Senior community figures endorse message by director of race-relations think tank The Runnymede Trust following a presentation this week

The Birmingham Jame Masjid mosque on Birchfield Road in Birmingham which has had its windows smashed with a sledgehammer. Photo credit: Aaron Chown/PA Wire
The Birmingham Jame Masjid mosque on Birchfield Road in Birmingham which has had its windows smashed with a sledgehammer. Photo credit: Aaron Chown/PA Wire

Senior Jewish representatives have welcomed the message from a race-equality think-tank that adherents of different religions must support one another if the UK is to rid itself of racism.

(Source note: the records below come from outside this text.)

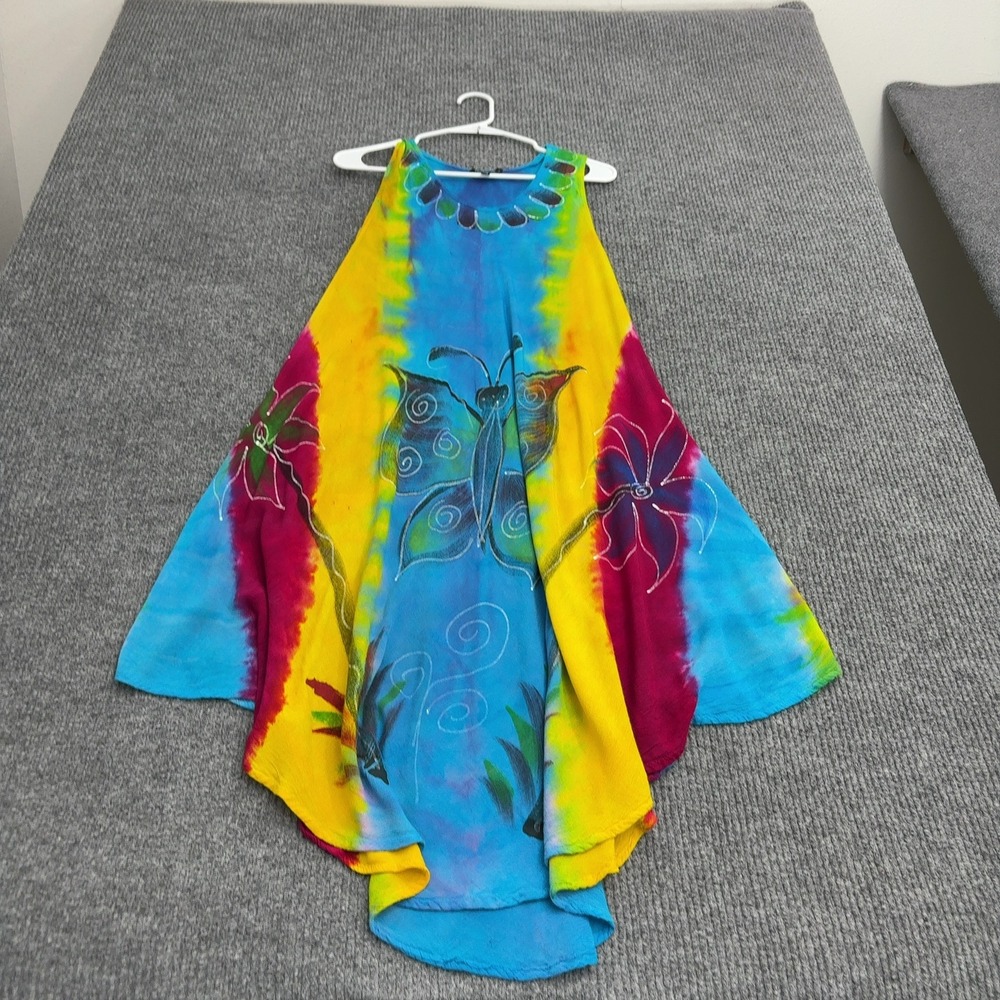 Look at me Dress Womens Free Size Multicolor Rayon Butterfly Tie Dye Boho Style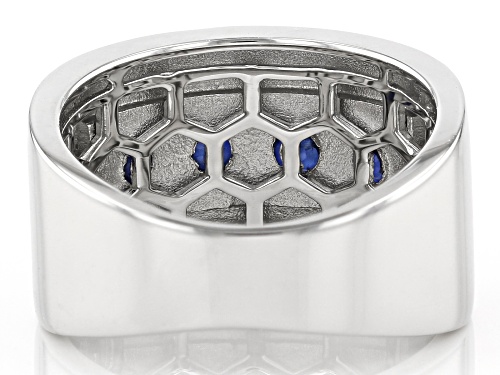 .60ctw Round Blue Sapphire Rhodium Over Sterling Silver Men's Band Ring - Size 13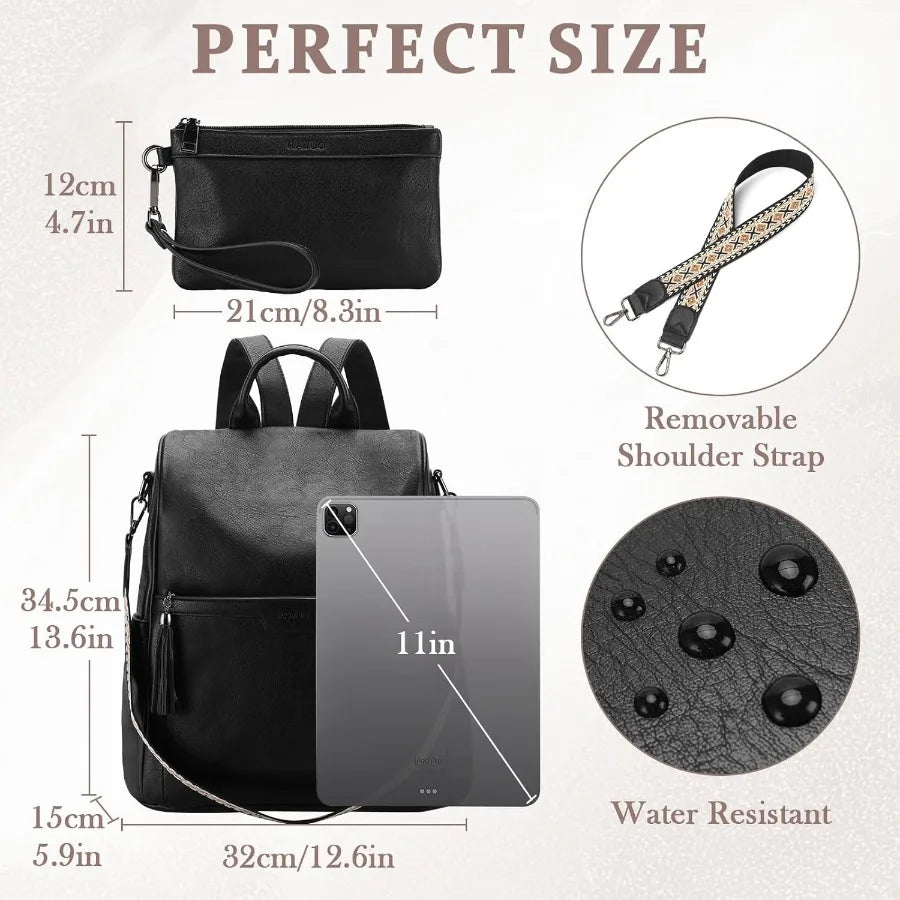Ravuo Vegan Leather Convertible Backpack Purse — Multi-Style Women’s Travel & Everyday Shoulder Bag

It follows a presentation from Dr Omar Khan, director of the race equality think-tank The Runnymede Trust, to representatives of the Board of Deputies, United Synagogue, Jewish Council for Racial Equality (JCORE), Community Security Trust (CST), Union of Jewish Students (UJS) and the Council of Christians and Jews.

Islamophobia has become a prominent issue after attacks on five mosques in Birmingham were reported just days after a white nationalist armed with a slew of weapons walked into two mosques in New Zealand and opened fire, killing 50.

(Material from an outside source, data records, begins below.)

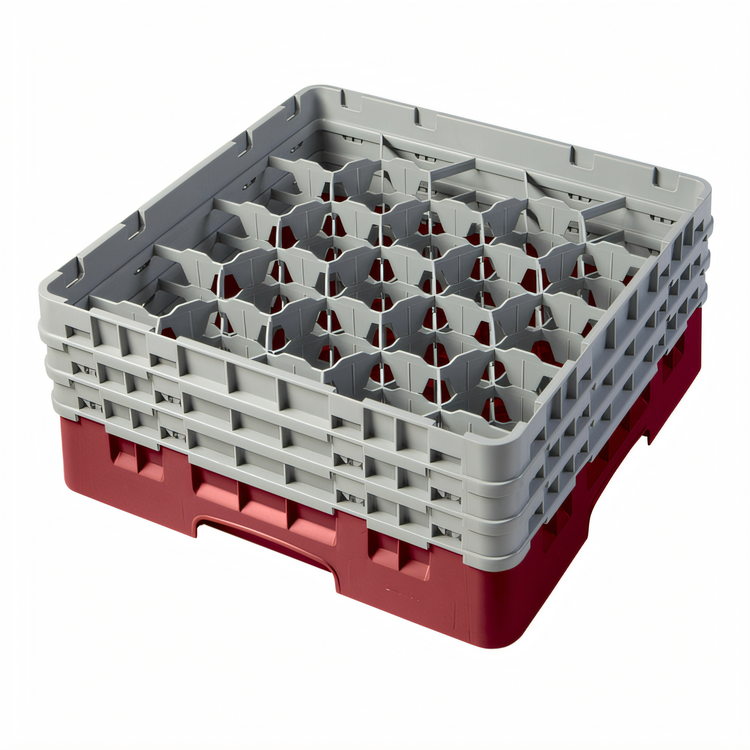 Product image #2 for Cambro Camrack Full Size 20-Compartment Glass Rack with 3 Soft Gray Extenders, Cranberry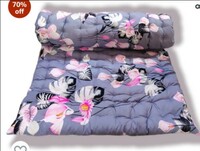 Deevine Craft Soft Cotton Quilt | Foldable Light Weight Filled Single Firm Mattress| Gadda (3D Design Printed, 1 Sleeping Capacity, 3 x 6 ft or 72 x 36 Inches) (Grey Floral Cotton Mattress)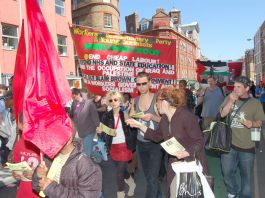 A section of the WRP and YS contingent on Tuesday’s May Day demonstration in London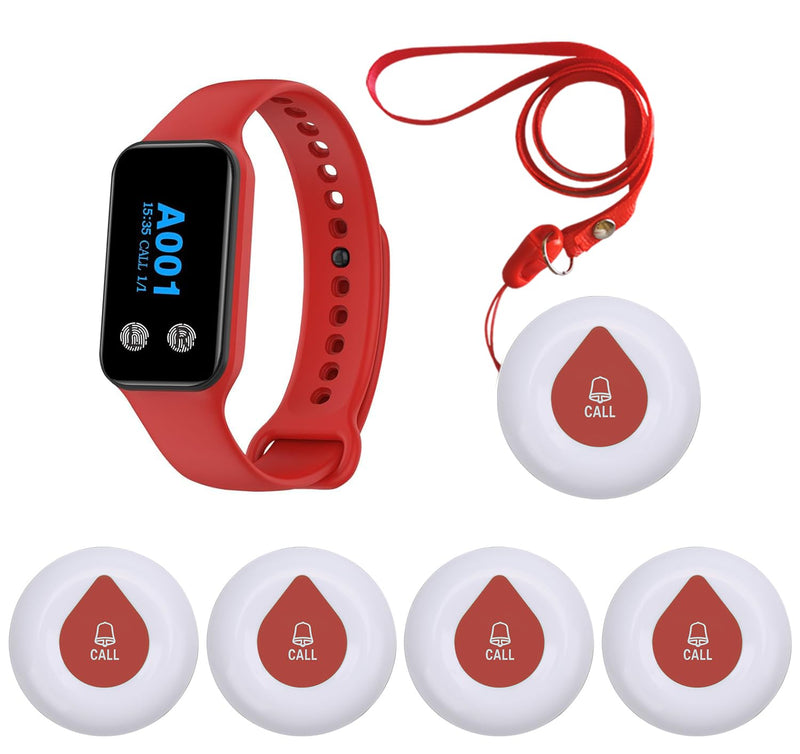 [Australia - AusPower] - Wireless Call Button System Caregiver Pager 5 SOS Call Buttons and 1 Watch Receiver Nurse Calling System Home/Elderly/Hospital/Clinic (5 Call Button(O1R) + 1 Watch Receiver(200VT)) 5 call button(O1R) + 1 watch receiver(200VT) 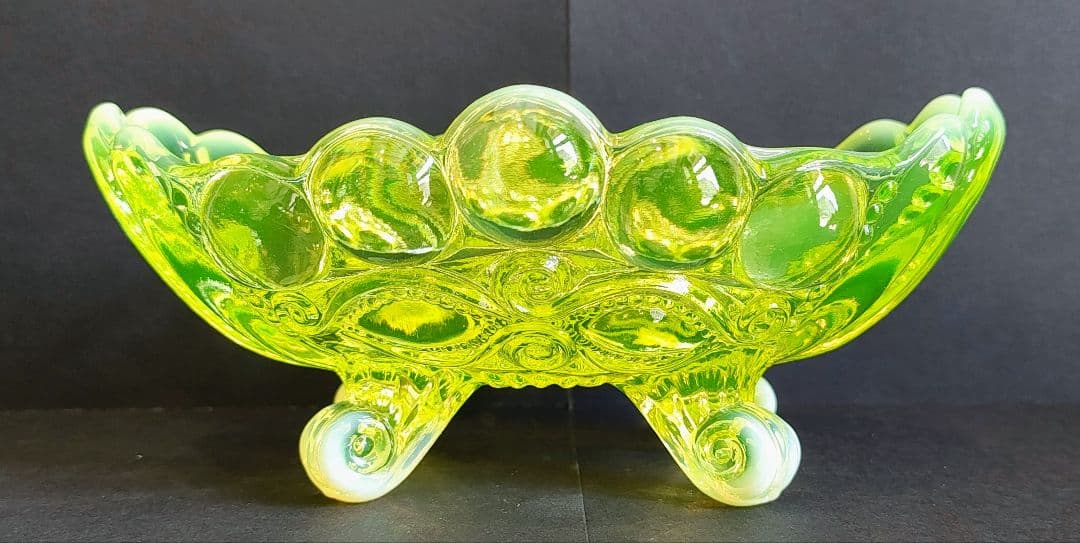 Mosser Glass Jam Dish モッサーグラス ウランガラス レトロ
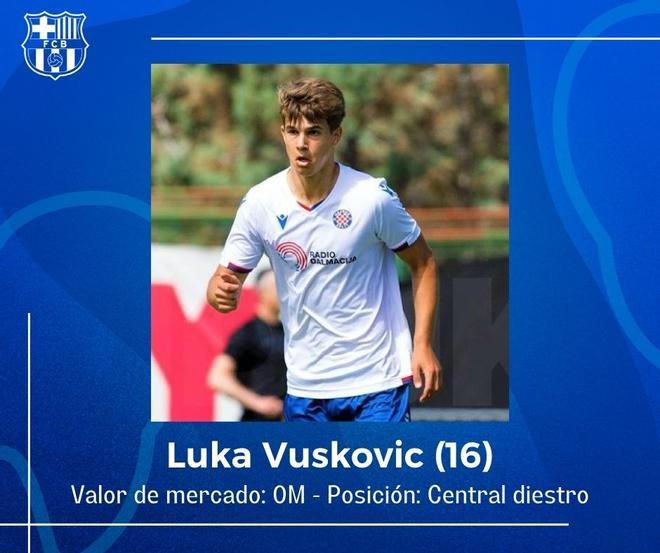 Luka Vuskovic ha despertado el interés de los grandes clubes europeos, entre ellos, el club blaugrana. Solo tiene 16 años, mide 1,93 metros y ya ha debutado con el primer equipo del Hajduk Split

Members of the community watch the presentation

“The best way any racism can be challenged is through solidarity and respect between communities to better understand and challenge the different racisms suffered by others as well as those suffered by one’s own community,” said Dr Khan.

Dr Edie Friedman of JCORE said: “Much has been written about of late about Islamophobia within political parties. We have seen a disturbing increase in Islamophobia since the Christchurch tragedy, which should sound alarm bells for all of us. We need to work together to combat all forms of racism within our communities and wider society.”